Read Destroyer of Light Online
Authors: Rachel Alexander
Her husband sneered. “An oath from her isn’t worth—”
With a glance, Persephone silenced Aidoneus. She turned back to her mother, placing a hand on her shoulder, and spoke low. “Swear it.”
“I swear on the Styx… for as long as we live, I will never harm you.” She choked on her words, acid welling in her throat. Tears streamed down her cheeks. “I will never harm your husband, or your marriage, ever again.”
“Neither will you speak against it…”
Demeter shuddered. “And I will… I swear on the Styx I will not speak against your marriage. Ever. Oh gods, Persephone, I’m… I’m…”
“Rise, Mother.”
She stood before her daughter, her eyes cast to the ground. “Daughter, will you ever find it in your heart to forgive me?”
“Forgive, yes. But trust… I need time.” Persephone smiled faintly. “Fortunately, the deathless ones have nothing but time.”
Demeter stood frozen. Persephone wrapped her arms around her mother, drawing her into an embrace. Demeter sobbed anew. “My dear sweet child…”
“I understand why you did what you did. That doesn’t make it right."
“When he came to Olympus I thought I would never see you again,” she cried. Her eyes opened wide as she thought about all the mortals who had passed, the starving faces looking up at her when she was grieving. “Gods, what I did… what I had to do just to be able to see you… You were gone… gone…”
“Deme…” Aidoneus spoke quietly. “Do you remember when we forged our pact? It wasn’t meant to take away Persephone then, and it isn’t now.
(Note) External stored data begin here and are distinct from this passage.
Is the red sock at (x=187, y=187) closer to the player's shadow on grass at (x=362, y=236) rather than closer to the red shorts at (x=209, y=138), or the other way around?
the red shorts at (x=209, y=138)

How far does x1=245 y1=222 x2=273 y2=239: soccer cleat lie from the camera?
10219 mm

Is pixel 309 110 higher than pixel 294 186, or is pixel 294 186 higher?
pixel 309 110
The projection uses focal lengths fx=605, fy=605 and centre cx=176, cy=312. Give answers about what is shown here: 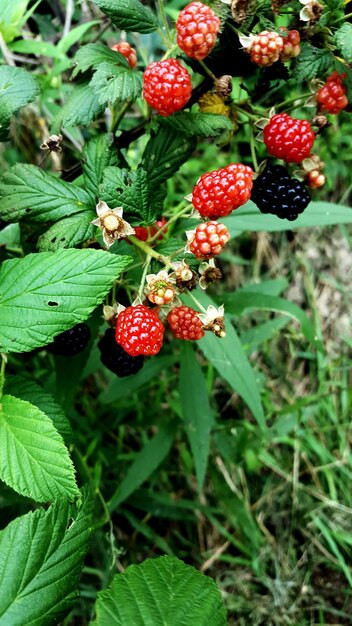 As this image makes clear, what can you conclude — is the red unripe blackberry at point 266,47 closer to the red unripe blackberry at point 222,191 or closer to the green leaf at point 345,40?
the green leaf at point 345,40

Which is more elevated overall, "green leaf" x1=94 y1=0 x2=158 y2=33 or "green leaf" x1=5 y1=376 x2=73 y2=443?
"green leaf" x1=94 y1=0 x2=158 y2=33

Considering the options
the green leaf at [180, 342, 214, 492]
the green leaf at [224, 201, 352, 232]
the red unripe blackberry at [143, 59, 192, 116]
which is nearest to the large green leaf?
the green leaf at [224, 201, 352, 232]

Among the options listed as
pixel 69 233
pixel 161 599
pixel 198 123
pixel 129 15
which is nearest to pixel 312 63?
pixel 198 123

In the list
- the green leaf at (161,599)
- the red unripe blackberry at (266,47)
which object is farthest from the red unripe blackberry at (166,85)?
the green leaf at (161,599)

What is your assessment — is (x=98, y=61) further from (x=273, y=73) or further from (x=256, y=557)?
(x=256, y=557)

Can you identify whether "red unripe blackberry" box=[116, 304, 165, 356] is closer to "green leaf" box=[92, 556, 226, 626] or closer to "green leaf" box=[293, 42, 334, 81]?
"green leaf" box=[92, 556, 226, 626]

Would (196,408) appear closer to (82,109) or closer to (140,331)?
(140,331) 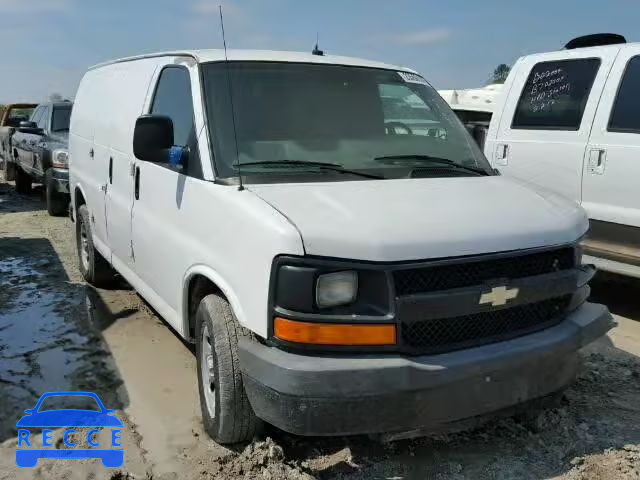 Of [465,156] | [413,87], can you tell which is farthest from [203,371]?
[413,87]

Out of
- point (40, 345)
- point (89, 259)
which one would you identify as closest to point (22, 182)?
point (89, 259)

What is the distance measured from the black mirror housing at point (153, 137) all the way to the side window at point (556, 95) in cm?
362

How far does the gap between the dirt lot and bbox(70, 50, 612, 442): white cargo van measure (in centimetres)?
26

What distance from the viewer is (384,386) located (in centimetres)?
264

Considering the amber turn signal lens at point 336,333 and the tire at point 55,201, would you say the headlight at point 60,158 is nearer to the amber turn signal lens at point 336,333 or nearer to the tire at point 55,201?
the tire at point 55,201

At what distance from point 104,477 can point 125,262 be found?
1989 millimetres

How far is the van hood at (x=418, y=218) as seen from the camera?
2.66 meters

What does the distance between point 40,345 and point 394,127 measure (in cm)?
303

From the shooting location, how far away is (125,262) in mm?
Result: 4828

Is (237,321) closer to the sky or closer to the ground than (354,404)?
closer to the sky

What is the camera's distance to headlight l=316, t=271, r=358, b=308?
267 centimetres

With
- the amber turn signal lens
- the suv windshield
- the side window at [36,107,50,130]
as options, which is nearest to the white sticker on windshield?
the suv windshield

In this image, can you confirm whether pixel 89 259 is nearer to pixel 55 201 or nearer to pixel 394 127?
pixel 394 127

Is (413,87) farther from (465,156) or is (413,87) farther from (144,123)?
(144,123) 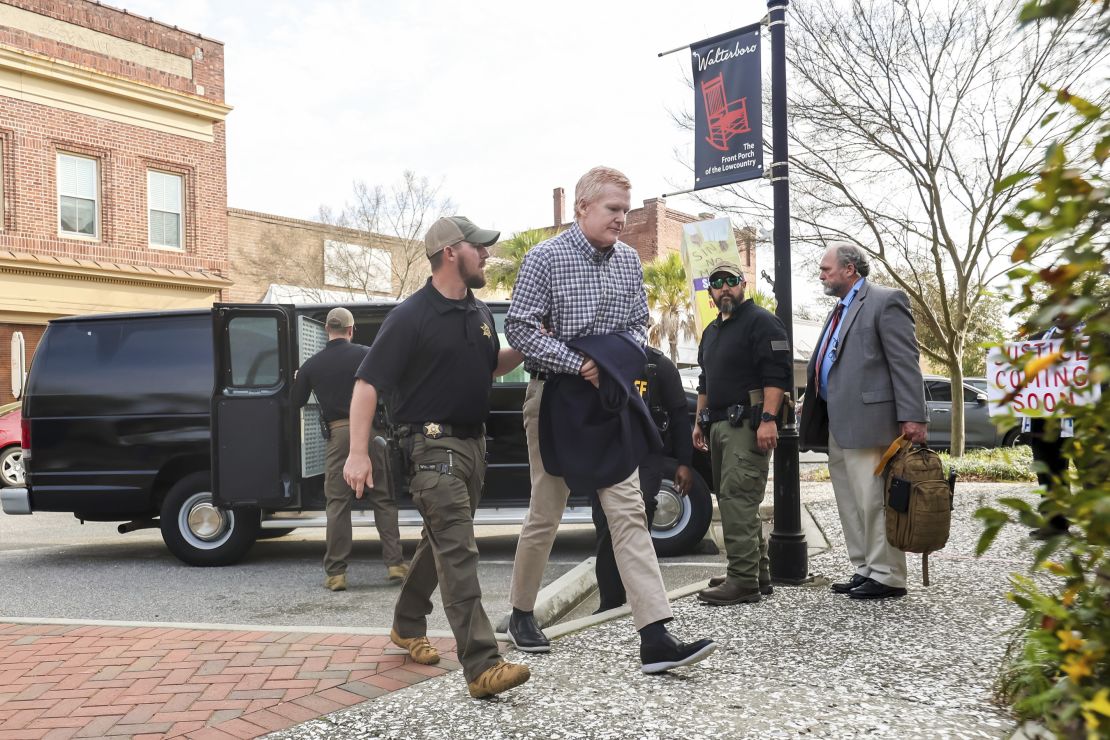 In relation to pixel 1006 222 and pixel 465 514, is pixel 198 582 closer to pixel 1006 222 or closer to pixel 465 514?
pixel 465 514

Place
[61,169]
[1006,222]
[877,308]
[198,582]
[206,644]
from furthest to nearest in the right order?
[61,169] → [198,582] → [877,308] → [206,644] → [1006,222]

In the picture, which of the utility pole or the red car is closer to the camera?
the utility pole

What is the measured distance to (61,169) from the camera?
19.9 m

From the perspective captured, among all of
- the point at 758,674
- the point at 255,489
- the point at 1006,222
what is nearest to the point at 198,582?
the point at 255,489

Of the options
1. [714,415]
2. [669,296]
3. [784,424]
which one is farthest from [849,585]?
[669,296]

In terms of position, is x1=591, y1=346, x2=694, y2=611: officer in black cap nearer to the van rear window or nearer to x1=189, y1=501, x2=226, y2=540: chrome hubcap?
x1=189, y1=501, x2=226, y2=540: chrome hubcap

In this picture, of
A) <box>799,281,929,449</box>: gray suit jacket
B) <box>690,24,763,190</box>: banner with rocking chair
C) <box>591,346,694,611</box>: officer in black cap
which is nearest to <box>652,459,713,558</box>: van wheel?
<box>591,346,694,611</box>: officer in black cap

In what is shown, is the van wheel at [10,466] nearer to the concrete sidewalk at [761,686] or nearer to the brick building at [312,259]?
the concrete sidewalk at [761,686]

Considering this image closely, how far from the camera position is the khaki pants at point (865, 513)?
490 cm

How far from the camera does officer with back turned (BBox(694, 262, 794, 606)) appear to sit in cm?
489

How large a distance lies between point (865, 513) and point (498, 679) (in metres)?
2.56

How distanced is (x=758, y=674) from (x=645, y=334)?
1510 millimetres

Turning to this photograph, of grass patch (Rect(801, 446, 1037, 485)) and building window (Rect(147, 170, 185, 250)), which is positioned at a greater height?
building window (Rect(147, 170, 185, 250))

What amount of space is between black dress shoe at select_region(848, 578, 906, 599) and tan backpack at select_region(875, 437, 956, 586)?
269 millimetres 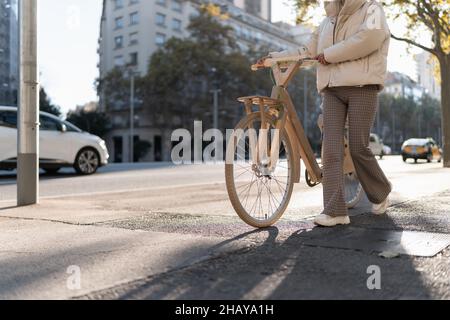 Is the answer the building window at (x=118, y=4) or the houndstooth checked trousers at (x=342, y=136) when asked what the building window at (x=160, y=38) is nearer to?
the building window at (x=118, y=4)

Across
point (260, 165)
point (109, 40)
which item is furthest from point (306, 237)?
point (109, 40)

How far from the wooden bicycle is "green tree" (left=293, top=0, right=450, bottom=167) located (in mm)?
14462

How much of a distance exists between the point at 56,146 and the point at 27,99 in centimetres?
696

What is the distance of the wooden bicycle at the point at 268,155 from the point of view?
373cm

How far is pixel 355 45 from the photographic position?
383 cm

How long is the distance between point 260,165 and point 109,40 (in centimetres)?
6030

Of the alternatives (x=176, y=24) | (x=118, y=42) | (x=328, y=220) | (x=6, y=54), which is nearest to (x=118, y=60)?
(x=118, y=42)

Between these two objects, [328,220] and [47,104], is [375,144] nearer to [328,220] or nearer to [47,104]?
[328,220]

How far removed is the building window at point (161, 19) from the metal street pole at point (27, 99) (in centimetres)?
5323

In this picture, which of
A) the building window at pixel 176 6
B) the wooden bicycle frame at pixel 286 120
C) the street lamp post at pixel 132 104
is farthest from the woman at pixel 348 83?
the building window at pixel 176 6

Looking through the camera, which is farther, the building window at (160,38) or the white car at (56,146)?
the building window at (160,38) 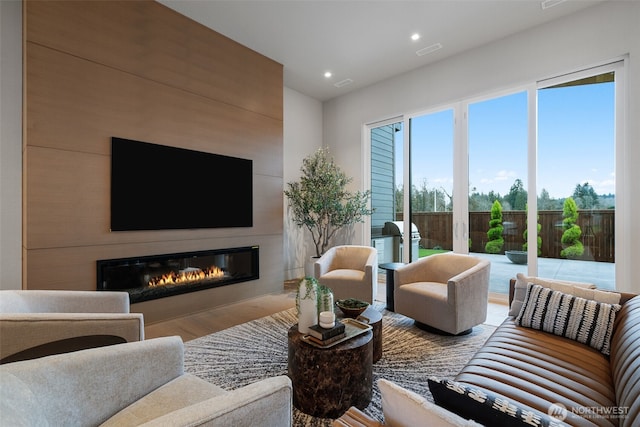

I am as I was, and I’m not cruel enough to deny you the company of your daughter anymore than I can deny her yours.”
“She was married to
you
, Aidon. And your home is beyond this world. Beyond me for all time.” Demeter shook. “She would join your house and leave me forever. It… it is that way for all women.”
“That is
their
world.” he said. He bit at his cheek and sighed, glancing at Persephone. His wife would want him to make some concession. Aidoneus looked at the ground. “Demeter, I should never have involved Zeus. I thought I was doing the proper thing; I should have gone to you directly.”
“Zeus is her father.”
Hades scoffed. “He did nothing to raise her.
You
were her mother, her teacher, her protector. I should have respected that. And I should have gone to you alone.”
“I don’t know if I would have…” The Goddess of the Harvest sniffled around half-formed thoughts and wiped her eyes with the edge of her veil. “But now… the Agreement…”
“We cannot undo it, nor should we. It would make Zeus think he can break oaths whenever he pleases,” Aidoneus said with a half-suppressed smirk. “Moreover, I could never deprive my wife of the sunlit world. Persephone needs it as much as the world above needs her.”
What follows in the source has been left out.